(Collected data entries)
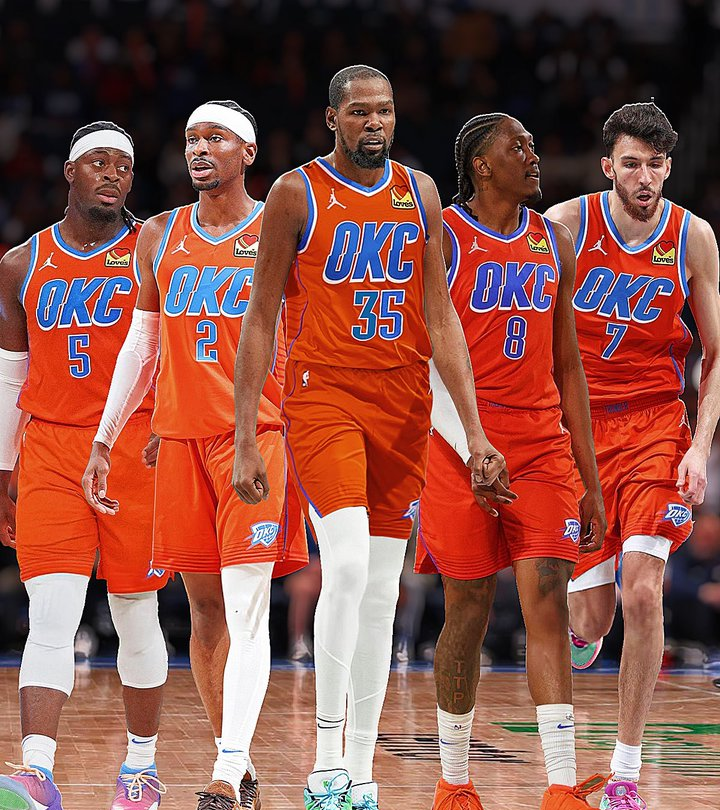 俄克拉荷马雷霆vs洛杉矶快船 -九游体育下载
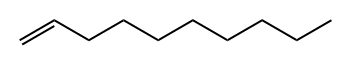 1-Decene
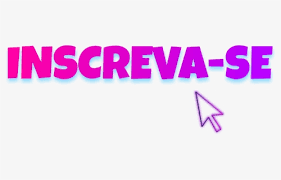 Inscreva Se Png Images Free Transparent Inscreva Se Download Kindpng Avatar abyss 150x150 avatars page #3. inscreva se png images free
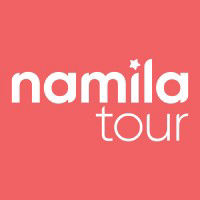 Namila Tour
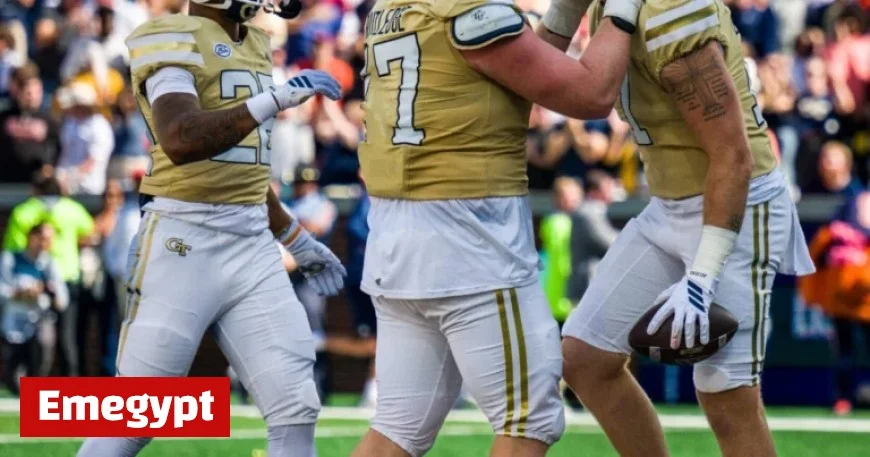 NC State Game 9: Final Words Before Kickoff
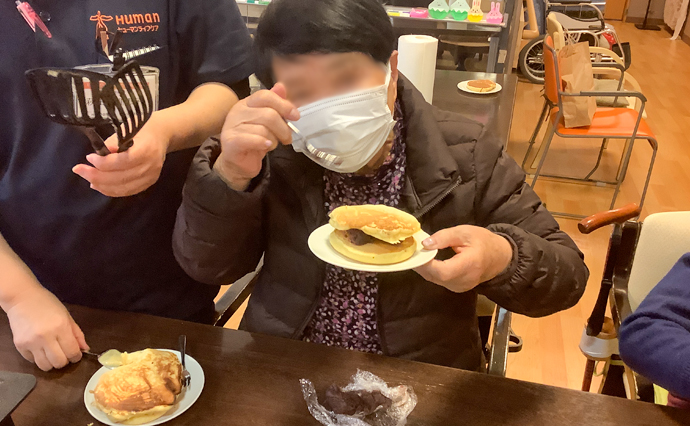 260421HLC_ChibaInnai_Dorayaki_0108.jpg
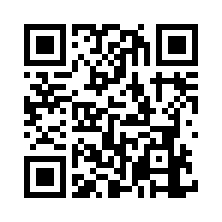 QR Code for 37EVJWng7ntxZ3ENukkLcfME1B1TGktStZ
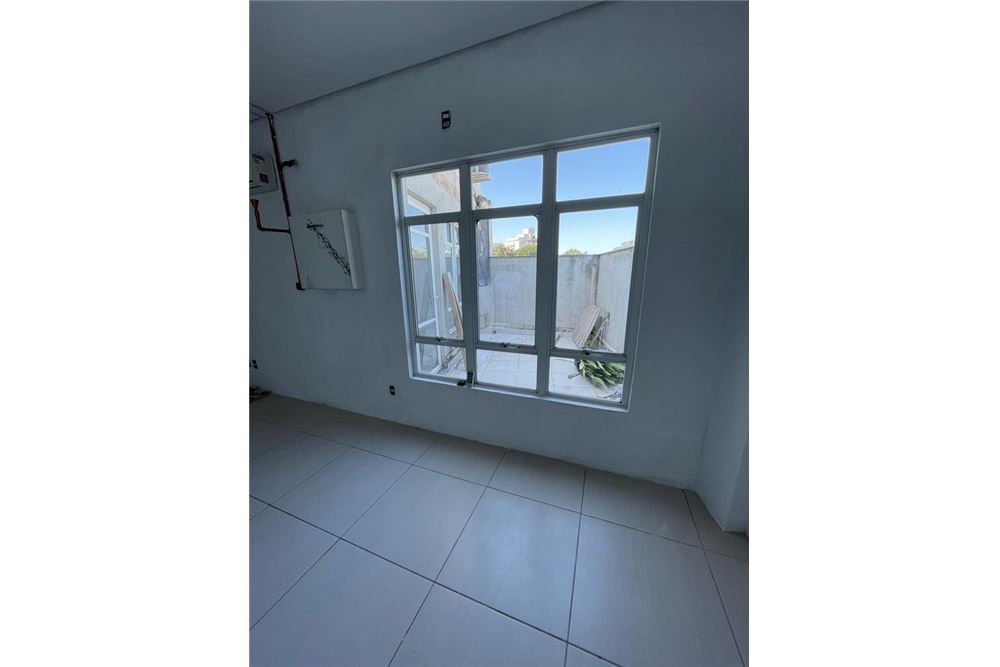 Conjunto Comercial-Sala à venda, 60m² - Foto 3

[Task requirements] An exact, image-free transcription of all the records above is needed.

[Answer box]
 俄克拉荷马雷霆vs洛杉矶快船 -九游体育下载
 1-Decene
 Inscreva Se Png Images Free Transparent Inscreva Se Download Kindpng Avatar abyss 150x150 avatars page #3. inscreva se png images free
 Namila Tour
 NC State Game 9: Final Words Before Kickoff
 260421HLC_ChibaInnai_Dorayaki_0108.jpg
 QR Code for 37EVJWng7ntxZ3ENukkLcfME1B1TGktStZ
 Conjunto Comercial-Sala à venda, 60m² - Foto 3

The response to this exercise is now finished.